Extracted entries: Begin

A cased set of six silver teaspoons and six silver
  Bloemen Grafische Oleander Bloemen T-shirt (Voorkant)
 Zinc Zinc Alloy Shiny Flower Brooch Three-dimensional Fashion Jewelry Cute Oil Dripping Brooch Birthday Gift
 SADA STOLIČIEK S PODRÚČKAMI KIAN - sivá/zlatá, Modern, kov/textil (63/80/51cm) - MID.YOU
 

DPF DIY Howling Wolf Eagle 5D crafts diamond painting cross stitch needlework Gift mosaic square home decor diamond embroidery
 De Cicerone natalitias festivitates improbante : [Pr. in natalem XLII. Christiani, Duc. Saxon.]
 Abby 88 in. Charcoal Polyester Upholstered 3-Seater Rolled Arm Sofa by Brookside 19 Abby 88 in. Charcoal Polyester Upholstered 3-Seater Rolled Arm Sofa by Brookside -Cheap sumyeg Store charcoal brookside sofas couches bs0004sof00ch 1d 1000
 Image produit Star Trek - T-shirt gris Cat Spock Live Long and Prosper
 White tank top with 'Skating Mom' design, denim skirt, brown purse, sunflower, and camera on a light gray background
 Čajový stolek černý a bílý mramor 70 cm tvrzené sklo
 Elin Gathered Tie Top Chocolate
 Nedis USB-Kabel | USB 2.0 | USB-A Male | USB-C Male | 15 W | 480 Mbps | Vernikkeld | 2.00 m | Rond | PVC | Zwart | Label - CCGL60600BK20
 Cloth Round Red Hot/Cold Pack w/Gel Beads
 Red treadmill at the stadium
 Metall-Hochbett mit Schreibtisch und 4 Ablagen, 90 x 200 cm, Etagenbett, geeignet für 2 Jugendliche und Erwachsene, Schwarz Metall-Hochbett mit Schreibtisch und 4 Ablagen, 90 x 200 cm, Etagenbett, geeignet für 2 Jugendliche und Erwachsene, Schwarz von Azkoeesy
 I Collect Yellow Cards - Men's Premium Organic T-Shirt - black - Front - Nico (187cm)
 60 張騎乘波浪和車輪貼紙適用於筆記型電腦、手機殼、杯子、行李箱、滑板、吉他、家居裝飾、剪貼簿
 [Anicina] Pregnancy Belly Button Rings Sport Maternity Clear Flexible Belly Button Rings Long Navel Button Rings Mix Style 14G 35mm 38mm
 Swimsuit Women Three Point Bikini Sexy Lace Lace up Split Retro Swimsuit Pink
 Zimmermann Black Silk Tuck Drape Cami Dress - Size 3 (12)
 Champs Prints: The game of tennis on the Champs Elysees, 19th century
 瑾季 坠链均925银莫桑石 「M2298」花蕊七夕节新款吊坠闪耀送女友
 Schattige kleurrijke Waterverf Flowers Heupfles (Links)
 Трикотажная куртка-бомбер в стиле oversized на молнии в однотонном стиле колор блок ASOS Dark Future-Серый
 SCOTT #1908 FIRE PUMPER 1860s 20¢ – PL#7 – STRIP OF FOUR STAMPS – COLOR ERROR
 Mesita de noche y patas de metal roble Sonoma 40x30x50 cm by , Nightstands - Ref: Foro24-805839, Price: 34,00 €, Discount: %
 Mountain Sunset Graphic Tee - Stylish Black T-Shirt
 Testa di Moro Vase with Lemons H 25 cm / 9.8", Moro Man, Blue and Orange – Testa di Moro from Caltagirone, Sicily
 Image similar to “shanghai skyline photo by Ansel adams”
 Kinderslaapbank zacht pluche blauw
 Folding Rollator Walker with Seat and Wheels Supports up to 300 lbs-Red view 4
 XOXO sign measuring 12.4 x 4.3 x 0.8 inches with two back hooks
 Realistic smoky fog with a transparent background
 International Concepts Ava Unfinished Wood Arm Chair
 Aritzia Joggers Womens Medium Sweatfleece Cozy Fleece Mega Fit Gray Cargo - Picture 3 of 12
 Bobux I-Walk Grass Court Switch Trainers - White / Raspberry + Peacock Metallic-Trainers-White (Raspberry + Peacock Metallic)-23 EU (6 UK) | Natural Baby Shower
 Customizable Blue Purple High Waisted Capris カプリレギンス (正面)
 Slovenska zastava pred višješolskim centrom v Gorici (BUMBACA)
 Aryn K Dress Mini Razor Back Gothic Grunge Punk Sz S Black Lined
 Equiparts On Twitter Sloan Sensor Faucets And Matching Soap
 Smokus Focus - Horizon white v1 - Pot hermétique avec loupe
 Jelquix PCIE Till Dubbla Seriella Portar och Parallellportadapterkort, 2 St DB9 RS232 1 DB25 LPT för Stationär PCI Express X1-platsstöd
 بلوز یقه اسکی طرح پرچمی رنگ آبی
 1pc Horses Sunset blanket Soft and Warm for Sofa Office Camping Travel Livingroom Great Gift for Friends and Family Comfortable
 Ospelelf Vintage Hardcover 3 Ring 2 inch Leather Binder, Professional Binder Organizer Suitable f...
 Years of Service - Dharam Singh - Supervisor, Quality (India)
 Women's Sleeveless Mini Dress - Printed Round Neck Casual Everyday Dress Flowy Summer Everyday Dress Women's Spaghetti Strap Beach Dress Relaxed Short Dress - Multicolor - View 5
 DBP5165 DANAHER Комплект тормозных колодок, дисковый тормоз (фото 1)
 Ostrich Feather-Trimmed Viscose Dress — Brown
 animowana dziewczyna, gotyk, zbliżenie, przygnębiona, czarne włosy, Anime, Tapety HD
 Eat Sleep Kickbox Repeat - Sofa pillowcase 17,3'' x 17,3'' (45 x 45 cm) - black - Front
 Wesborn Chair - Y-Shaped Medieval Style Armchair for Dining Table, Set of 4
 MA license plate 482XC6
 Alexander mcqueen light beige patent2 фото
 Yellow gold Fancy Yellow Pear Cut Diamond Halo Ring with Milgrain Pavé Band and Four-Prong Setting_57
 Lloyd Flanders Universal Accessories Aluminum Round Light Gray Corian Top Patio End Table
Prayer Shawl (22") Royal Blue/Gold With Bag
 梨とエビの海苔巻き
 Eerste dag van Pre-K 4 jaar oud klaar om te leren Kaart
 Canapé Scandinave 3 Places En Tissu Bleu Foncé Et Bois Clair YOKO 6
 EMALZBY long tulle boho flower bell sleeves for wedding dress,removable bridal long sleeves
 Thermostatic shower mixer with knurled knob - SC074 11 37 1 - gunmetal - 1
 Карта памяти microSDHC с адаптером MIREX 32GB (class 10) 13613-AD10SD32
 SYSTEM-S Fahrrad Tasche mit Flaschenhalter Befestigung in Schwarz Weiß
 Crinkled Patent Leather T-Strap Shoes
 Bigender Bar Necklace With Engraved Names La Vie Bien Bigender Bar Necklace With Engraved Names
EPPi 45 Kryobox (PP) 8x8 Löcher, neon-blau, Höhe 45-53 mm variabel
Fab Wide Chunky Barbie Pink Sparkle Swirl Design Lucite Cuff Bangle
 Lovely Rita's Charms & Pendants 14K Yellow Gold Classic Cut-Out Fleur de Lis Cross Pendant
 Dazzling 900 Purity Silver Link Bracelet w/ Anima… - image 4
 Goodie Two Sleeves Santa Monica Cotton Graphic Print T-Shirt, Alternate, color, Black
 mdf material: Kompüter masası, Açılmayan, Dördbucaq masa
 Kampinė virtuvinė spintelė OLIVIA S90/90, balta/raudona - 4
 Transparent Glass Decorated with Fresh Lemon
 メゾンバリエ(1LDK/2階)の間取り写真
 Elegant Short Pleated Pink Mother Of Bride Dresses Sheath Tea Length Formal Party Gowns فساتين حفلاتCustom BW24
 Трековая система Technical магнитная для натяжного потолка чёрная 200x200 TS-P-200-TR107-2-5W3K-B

Extracted entries: End

Your task: Wherever the line holding "DPF DIY Howling" falls in the entries above, copy exactly from it through the line holding "De Cicerone natalitias", inclusive, and add nothing.

Solution below:
DPF DIY Howling Wolf Eagle 5D crafts diamond painting cross stitch needlework Gift mosaic square home decor diamond embroidery
 De Cicerone natalitias festivitates improbante : [Pr. in natalem XLII. Christiani, Duc. Saxon.]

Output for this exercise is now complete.